Records supplied ::
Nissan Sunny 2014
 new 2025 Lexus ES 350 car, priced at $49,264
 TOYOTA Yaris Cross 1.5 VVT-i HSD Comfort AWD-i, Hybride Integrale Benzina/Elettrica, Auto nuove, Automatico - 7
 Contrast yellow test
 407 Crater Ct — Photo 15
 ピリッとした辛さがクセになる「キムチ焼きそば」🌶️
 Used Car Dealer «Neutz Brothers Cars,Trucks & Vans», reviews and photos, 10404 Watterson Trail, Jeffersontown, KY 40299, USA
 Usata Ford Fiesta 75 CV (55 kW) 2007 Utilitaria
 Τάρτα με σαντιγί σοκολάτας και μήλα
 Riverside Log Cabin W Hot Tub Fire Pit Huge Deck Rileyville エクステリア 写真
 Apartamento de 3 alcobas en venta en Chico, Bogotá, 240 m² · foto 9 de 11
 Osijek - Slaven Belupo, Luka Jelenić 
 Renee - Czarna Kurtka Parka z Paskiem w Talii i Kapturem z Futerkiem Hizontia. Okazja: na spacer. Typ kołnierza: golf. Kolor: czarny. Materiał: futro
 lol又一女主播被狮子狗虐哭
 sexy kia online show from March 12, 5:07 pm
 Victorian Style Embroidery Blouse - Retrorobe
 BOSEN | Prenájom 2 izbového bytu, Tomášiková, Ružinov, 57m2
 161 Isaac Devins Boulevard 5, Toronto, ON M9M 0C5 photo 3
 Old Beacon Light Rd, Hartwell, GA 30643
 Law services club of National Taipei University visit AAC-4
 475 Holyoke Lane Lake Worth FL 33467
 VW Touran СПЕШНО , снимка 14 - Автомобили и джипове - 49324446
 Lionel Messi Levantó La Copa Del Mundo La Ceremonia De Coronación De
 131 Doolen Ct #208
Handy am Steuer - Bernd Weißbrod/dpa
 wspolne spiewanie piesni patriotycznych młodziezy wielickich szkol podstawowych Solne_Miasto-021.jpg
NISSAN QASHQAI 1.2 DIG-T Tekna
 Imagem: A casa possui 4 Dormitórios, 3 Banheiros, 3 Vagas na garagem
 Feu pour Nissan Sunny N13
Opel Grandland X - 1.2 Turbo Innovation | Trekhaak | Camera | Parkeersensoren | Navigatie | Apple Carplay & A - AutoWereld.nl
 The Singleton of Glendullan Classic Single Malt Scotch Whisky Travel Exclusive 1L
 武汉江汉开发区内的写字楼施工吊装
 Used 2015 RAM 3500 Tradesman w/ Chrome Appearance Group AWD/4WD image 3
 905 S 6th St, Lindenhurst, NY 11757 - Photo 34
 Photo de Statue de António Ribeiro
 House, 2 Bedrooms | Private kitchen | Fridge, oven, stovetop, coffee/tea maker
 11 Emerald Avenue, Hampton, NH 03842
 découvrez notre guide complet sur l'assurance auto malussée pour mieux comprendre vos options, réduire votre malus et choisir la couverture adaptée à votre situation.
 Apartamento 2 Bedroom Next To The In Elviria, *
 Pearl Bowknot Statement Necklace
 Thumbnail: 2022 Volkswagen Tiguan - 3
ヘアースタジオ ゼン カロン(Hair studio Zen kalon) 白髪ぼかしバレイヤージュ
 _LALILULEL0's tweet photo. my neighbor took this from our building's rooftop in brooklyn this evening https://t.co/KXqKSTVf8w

The problem :: Restate the material word for word, keeping every line intact.

Response for this exercise ::
Nissan Sunny 2014
 new 2025 Lexus ES 350 car, priced at $49,264
 TOYOTA Yaris Cross 1.5 VVT-i HSD Comfort AWD-i, Hybride Integrale Benzina/Elettrica, Auto nuove, Automatico - 7
 Contrast yellow test
 407 Crater Ct — Photo 15
 ピリッとした辛さがクセになる「キムチ焼きそば」🌶️
 Used Car Dealer «Neutz Brothers Cars,Trucks & Vans», reviews and photos, 10404 Watterson Trail, Jeffersontown, KY 40299, USA
 Usata Ford Fiesta 75 CV (55 kW) 2007 Utilitaria
 Τάρτα με σαντιγί σοκολάτας και μήλα
 Riverside Log Cabin W Hot Tub Fire Pit Huge Deck Rileyville エクステリア 写真
 Apartamento de 3 alcobas en venta en Chico, Bogotá, 240 m² · foto 9 de 11
 Osijek - Slaven Belupo, Luka Jelenić 
 Renee - Czarna Kurtka Parka z Paskiem w Talii i Kapturem z Futerkiem Hizontia. Okazja: na spacer. Typ kołnierza: golf. Kolor: czarny. Materiał: futro
 lol又一女主播被狮子狗虐哭
 sexy kia online show from March 12, 5:07 pm
 Victorian Style Embroidery Blouse - Retrorobe
 BOSEN | Prenájom 2 izbového bytu, Tomášiková, Ružinov, 57m2
 161 Isaac Devins Boulevard 5, Toronto, ON M9M 0C5 photo 3
 Old Beacon Light Rd, Hartwell, GA 30643
 Law services club of National Taipei University visit AAC-4
 475 Holyoke Lane Lake Worth FL 33467
 VW Touran СПЕШНО , снимка 14 - Автомобили и джипове - 49324446
 Lionel Messi Levantó La Copa Del Mundo La Ceremonia De Coronación De
 131 Doolen Ct #208
Handy am Steuer - Bernd Weißbrod/dpa
 wspolne spiewanie piesni patriotycznych młodziezy wielickich szkol podstawowych Solne_Miasto-021.jpg
NISSAN QASHQAI 1.2 DIG-T Tekna
 Imagem: A casa possui 4 Dormitórios, 3 Banheiros, 3 Vagas na garagem
 Feu pour Nissan Sunny N13
Opel Grandland X - 1.2 Turbo Innovation | Trekhaak | Camera | Parkeersensoren | Navigatie | Apple Carplay & A - AutoWereld.nl
 The Singleton of Glendullan Classic Single Malt Scotch Whisky Travel Exclusive 1L
 武汉江汉开发区内的写字楼施工吊装
 Used 2015 RAM 3500 Tradesman w/ Chrome Appearance Group AWD/4WD image 3
 905 S 6th St, Lindenhurst, NY 11757 - Photo 34
 Photo de Statue de António Ribeiro
 House, 2 Bedrooms | Private kitchen | Fridge, oven, stovetop, coffee/tea maker
 11 Emerald Avenue, Hampton, NH 03842
 découvrez notre guide complet sur l'assurance auto malussée pour mieux comprendre vos options, réduire votre malus et choisir la couverture adaptée à votre situation.
 Apartamento 2 Bedroom Next To The In Elviria, *
 Pearl Bowknot Statement Necklace
 Thumbnail: 2022 Volkswagen Tiguan - 3
ヘアースタジオ ゼン カロン(Hair studio Zen kalon) 白髪ぼかしバレイヤージュ
 _LALILULEL0's tweet photo. my neighbor took this from our building's rooftop in brooklyn this evening https://t.co/KXqKSTVf8w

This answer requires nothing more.